Hi everyone, I've enjoyed reading your thoughts on this.
I think there are two potential approaches:
You can either try the modchip (disabling the signature checks/making them always return true, etc)
OR
(and I think this is likely to be easier but is much less flexible) clone an existing "genuine" DMS.
I've had no time to look at this but if I were wanting to secure a drive I'd probably take some kind of hash of the
unique characteristics of the drive I was "locking", e.g. manufacturer name/ID, drive serial number, BIOS version, etc (or a combination) and write it to the drive somewhere (possibly the "interesting" space before the partitions start, but who knows?) It would then be trivial for the Phatbox to read this hash, compare it with the expected value from the drive ID etc and then accept or reject...
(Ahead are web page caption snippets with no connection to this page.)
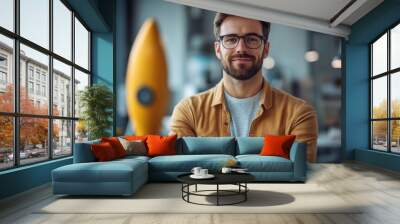 A bearded man with glasses, wearing a brown shirt, smiles confidently in an office environment with a blurred rocket model in the background Wall mural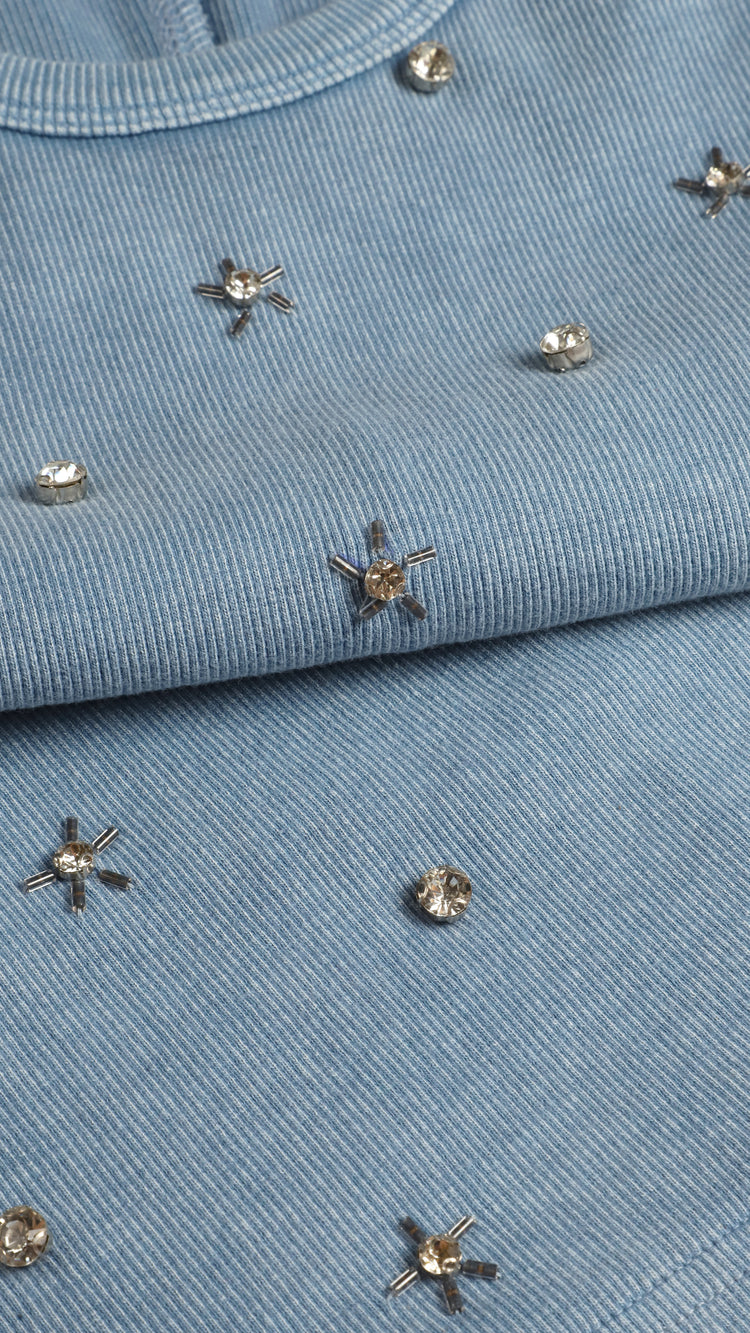Close-up of a blue tank top with decorative studs 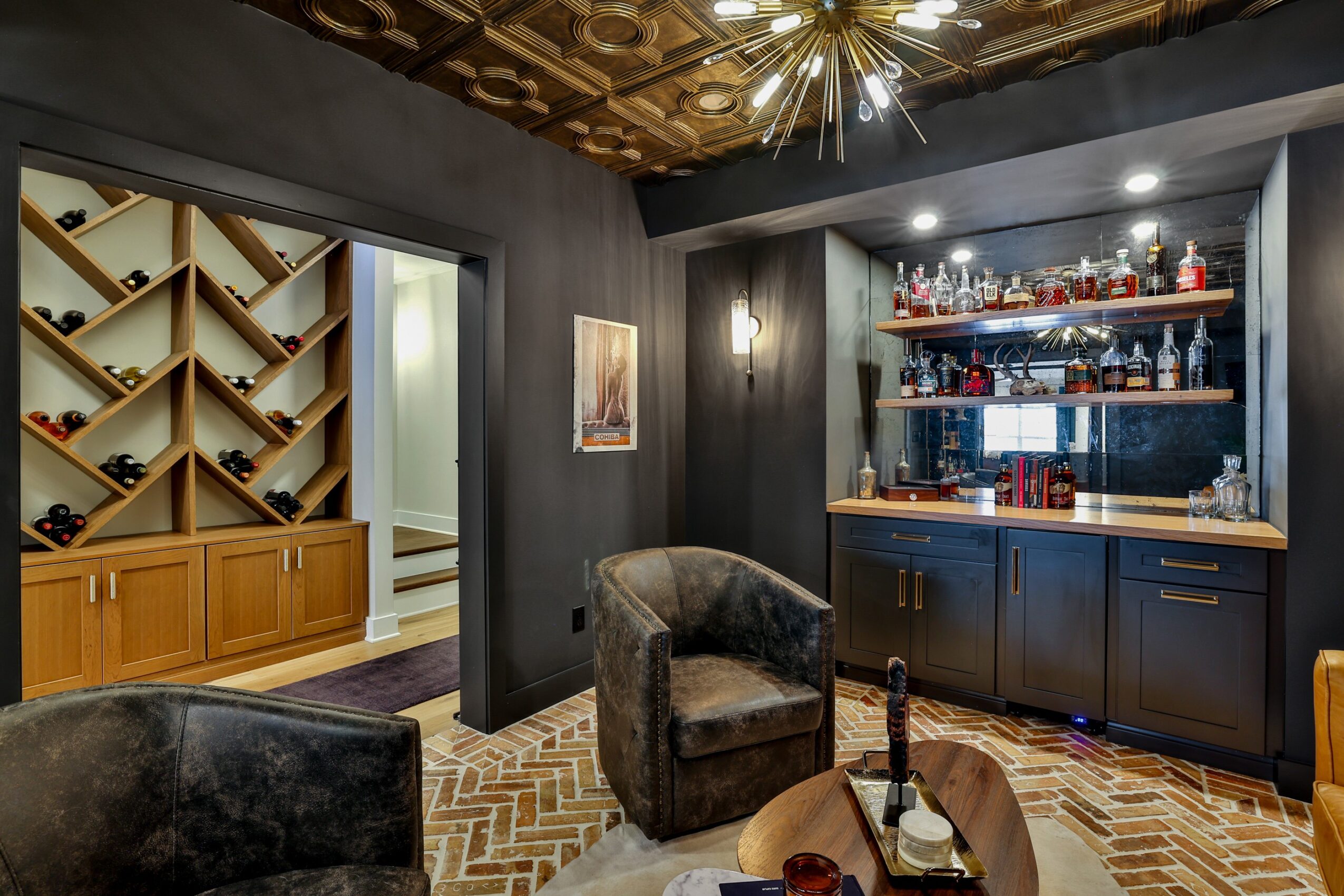Interior of a bar with dark walls, a shelf of bottles, two armchairs, and a wooden floor.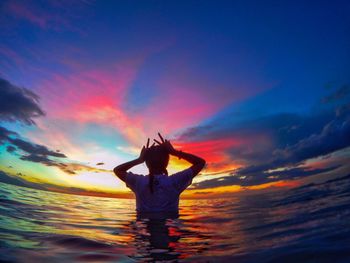 Silhouette woman in sea against sky during sunset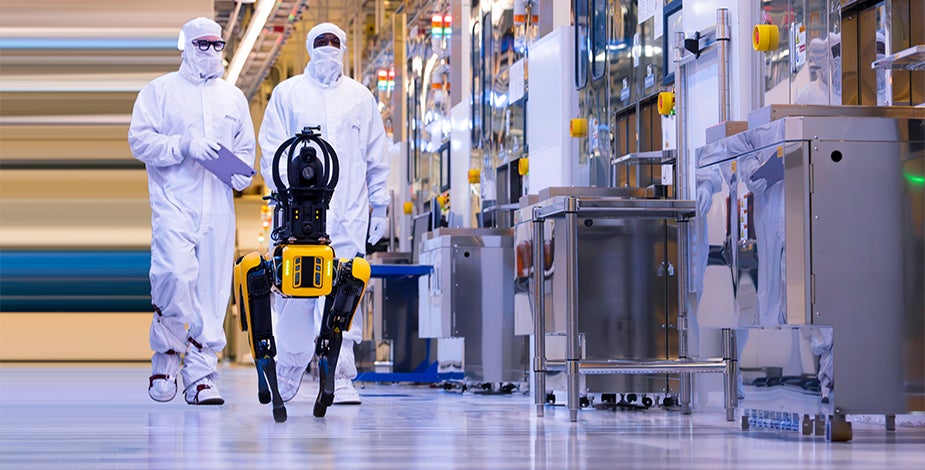 Two cleanroom-suited engineers walking a yellow quadruped robot through a fabrication facility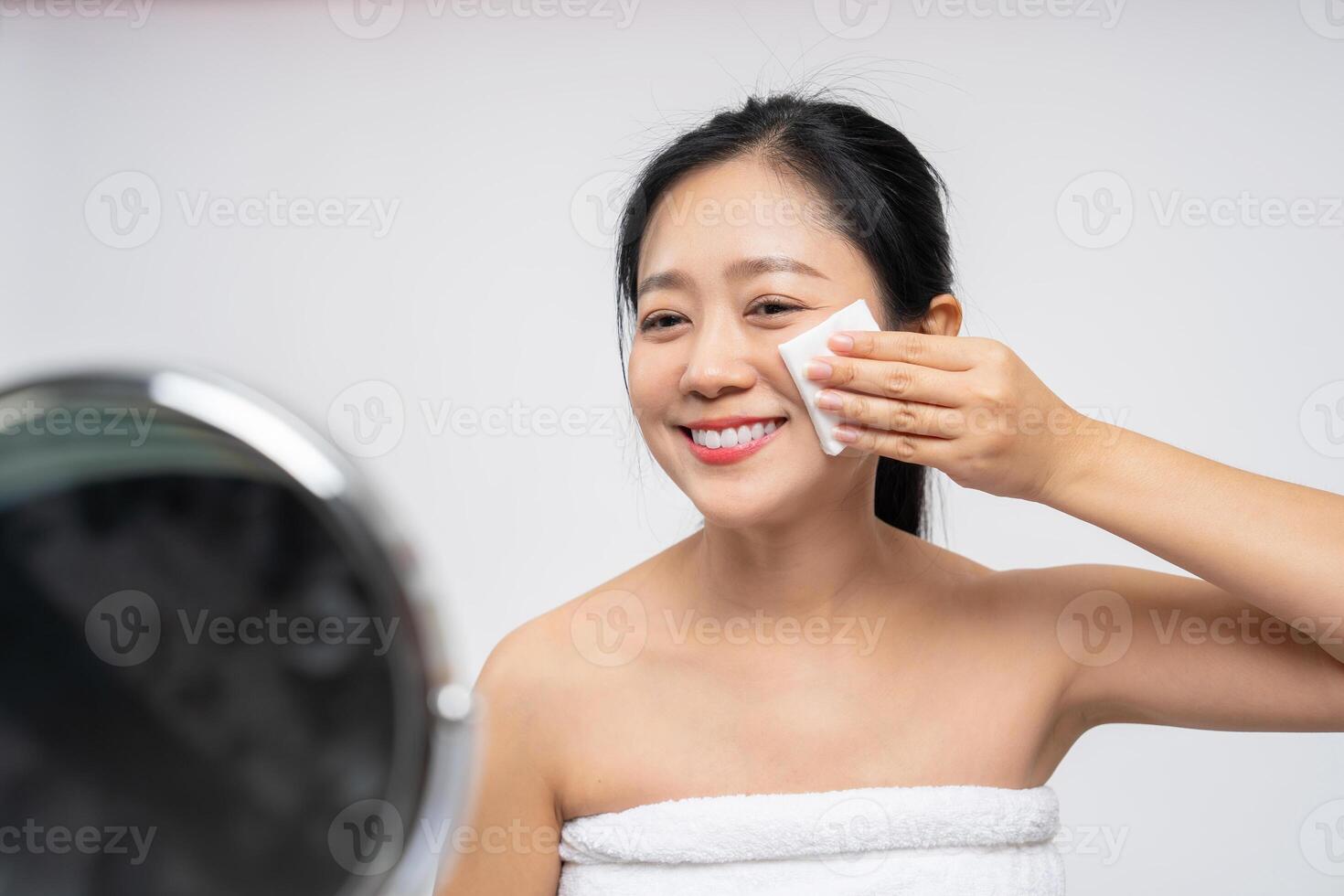 Happy asian woman looking at mirror and using cotton pad clean make up on her face photo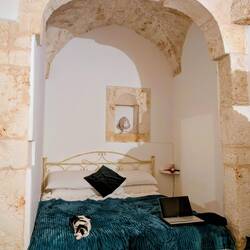 Traditional houses are small, cubical, made from limestone and often have star vaulted roofs.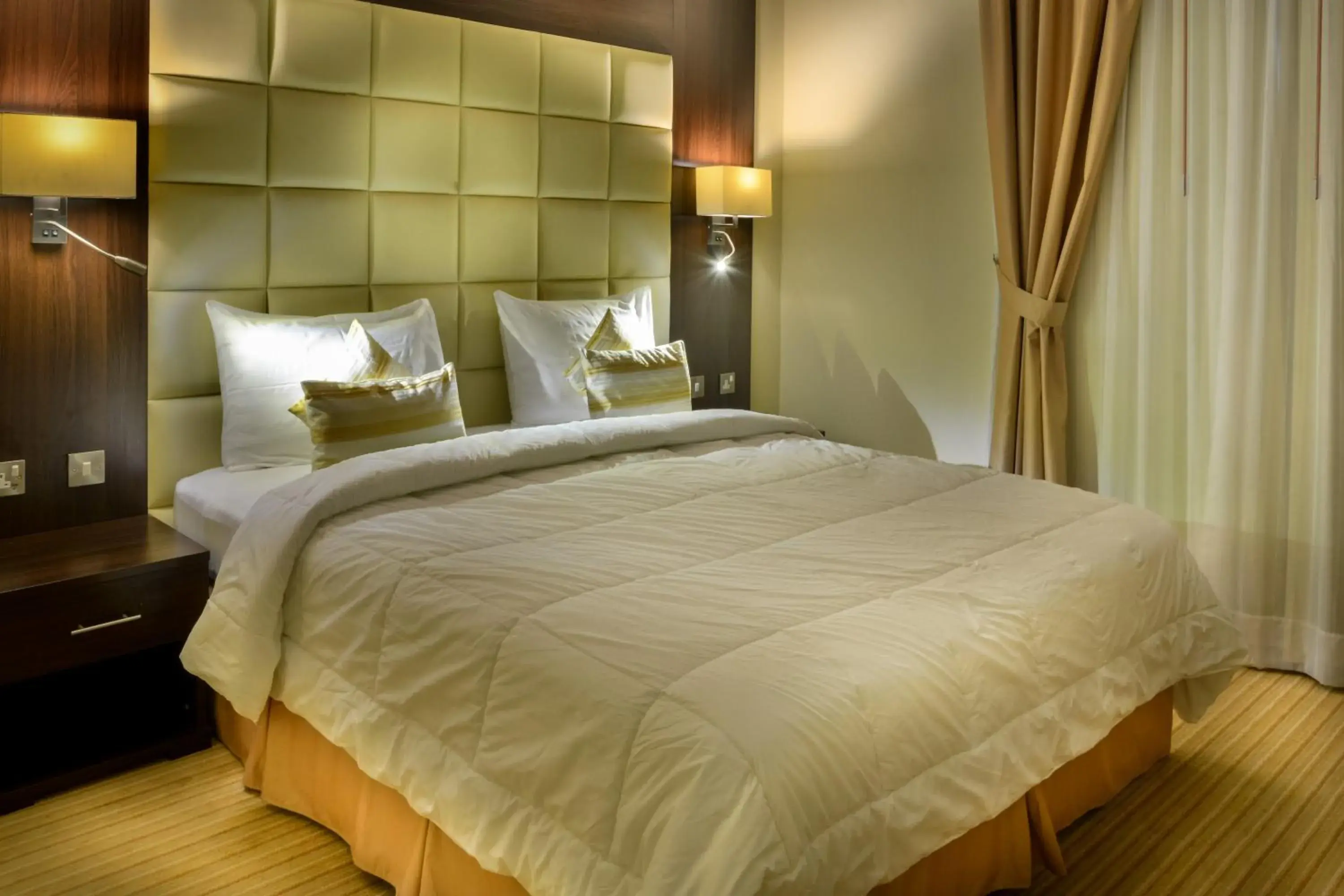 Bed in Golden Ocean Hotel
It would be interesting to see the result of a sector copy of a DMS onto the SAME make/model/version of "normal" HD -
which has had its firmware hacked to return the same serial number etc as the "genuine" DMS. HD manufacturers release flash utilities/HD toolkits, it probably wouldn't be too difficult to dump a DMS firmware (disc BIOS) image and reupload it to a non-Phatnoise drive.
I'd like to have more time to look into this but at the moment real life is getting in the way...
If I were Phatnoise I would sell the empty DMS cases at say $50 a pop and release a signing util/development kit. It seems odd that a company should base its product on an open source solution yet take such a proprietary approach. I feel it stifles a lot of the enthusiasm for their product.